Our work is one of the first in which a macromolecular structure is assembled actively via cooperation of Hoogsteen and Watson-Crick base pairing [12]. In contrast, structures such as G4-DNA [44-48], frayed wires [49-51], and G-wires [46] are driven only by Hoogsteen hydrogen bonding in G-quartets. Canonical base pairing has been used to create duplex DNA branches on the ends of frayed wires [49], but initial assembly of the frayed wires exploits only Hoogsteen hydrogen bonding and used a single DNA sequence, which does not allow significant variability/flexibility [49]. Finally, structures created by acid-dependent assembly of d(CGG)4 also depend mainly on Hoogsteen hydrogen bonding [52]. In contrast, all of the main DNA fabrication methods using DNA tiles/origami rely on canonical base pairing, with the exception of a structure in which building blocks are connected by quadruplexes rather than duplexes [12]. The presence of duplex and quadruplex elements in our final structures results in distinct recognition sites for incorporation of additional elements [53]. Future work will measure the accessibility and selectivity of these addressable sites in both precursor units and final structures.

Conclusions

We present a novel strategy to generate fibers with morphologies that differ from duplex-only-based wires.
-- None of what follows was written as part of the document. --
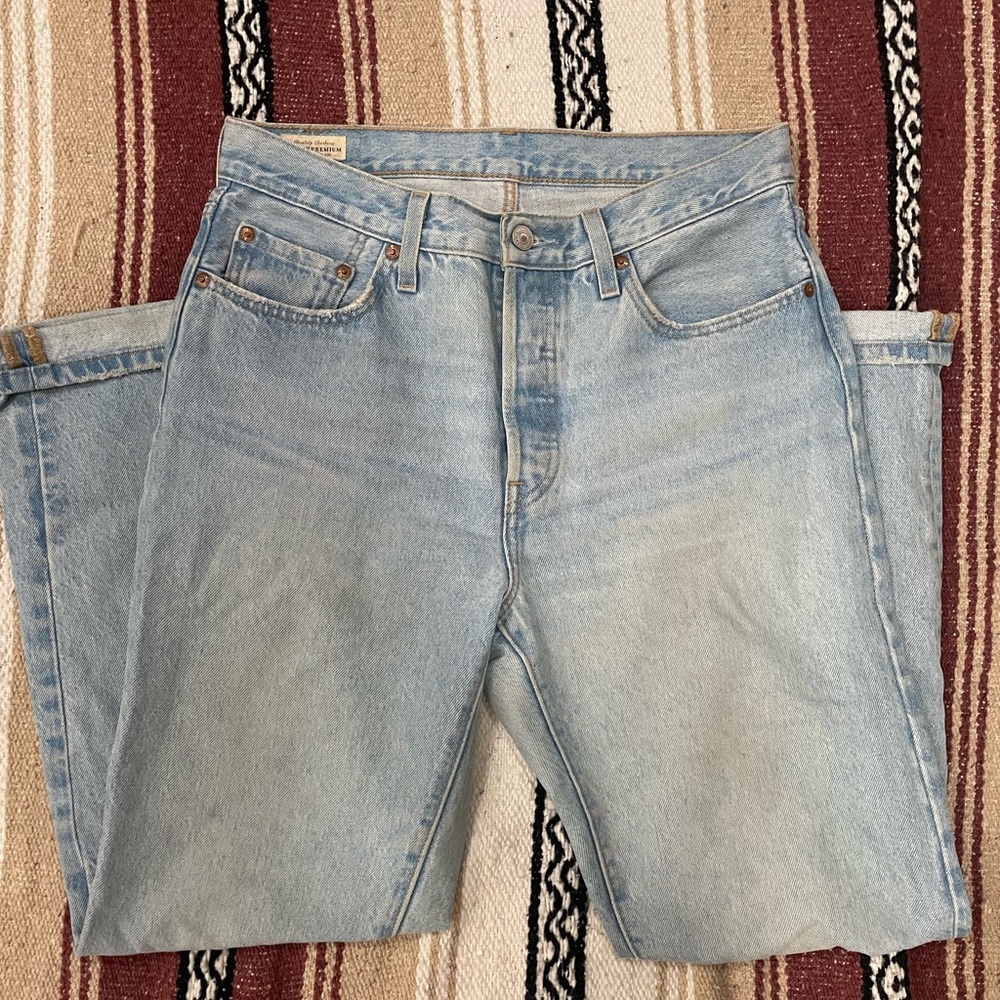 Levi's Light Blue Straight Leg Women's Jeans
Our method uses hybridization of DNA strands to form duplexes followed by cation-mediated assembly of quadruplexes. The dimensions and quantities of our fibers vary depending on the preparation conditions, but the final assemblies contain quadruplexes. We have shown here the proof of concept for mixed duplex-quadruplex fiber fabrication that we believe holds promise for organized control of fiber assembly.

Abbreviations

AFM: Atomic force microscopy; NMM: N-methylmesoporphyrin IX; PAGE: Polyacrylamide gel electrophoresis; TMACl: Tetramethylammonium chloride.

Competing interests

The authors declare that they have no competing interests.

Authors’ contributions

MAM designed the sequences, carried out the gel electrophoresis and AFM measurements, and wrote initial drafts of the manuscript. VAS conducted gel electrophoresis experiments, supervised the design and completion of the work, and wrote the final version of the manuscript. Both authors read and approved the final manuscript.

Authors’ information

VAS is a project leader in the CNST Energy Research Group. She received an A.B. in Chemistry from Bryn Mawr College and a Ph.D. in inorganic chemistry from Yale University, where her thesis work centered on biophysical measurements of water oxidation chemistry in photosynthesis. After completing post-doctoral work at the University of North Carolina at Chapel Hill, VAS moved to the Department of Chemistry and Biochemistry at the University of Maryland, Baltimore County, where she advanced to the rank of associate professor with tenure. During that time, she and her group elucidated the biophysical chemistry of copper in Alzheimer's disease fibrils and developed methods to create quadruplex-based DNA nanomaterials. VAS joined the CNST in 2010 and is leading projects focused on nanofabrication tools based on biomacromolecular nanomaterials and fundamental measurements of nanostructured catalysts for solar fuels applications.

MAM obtained his Ph.D. degree in chemistry in 2010 working with VAS at the University of Maryland, Baltimore County. Currently, he is an assistant professor and researcher at the School of Medicine and the School of Sciences and Engineering, Politecnico at Universidad San Francisco de Quito. He is a member of GETNano, an Ecuadorian group performing experimental and theoretical research on nanosystems. His research focuses on computational simulations of the self-assembly mechanisms of biomacromolecule-based nanomaterials, evaluation of the suitability of computational methods for modeling non-canonical DNA structures, and development of biosensors based on the nanosystems under investigation in his laboratory.

Acknowledgments

We thank Y. Zhang for assistance with early AFM measurements and D. Fabris and M. Scalabrin for mass spectrometry measurements. This work was supported by an NSF CAREER award to VAS (CHE-0346066).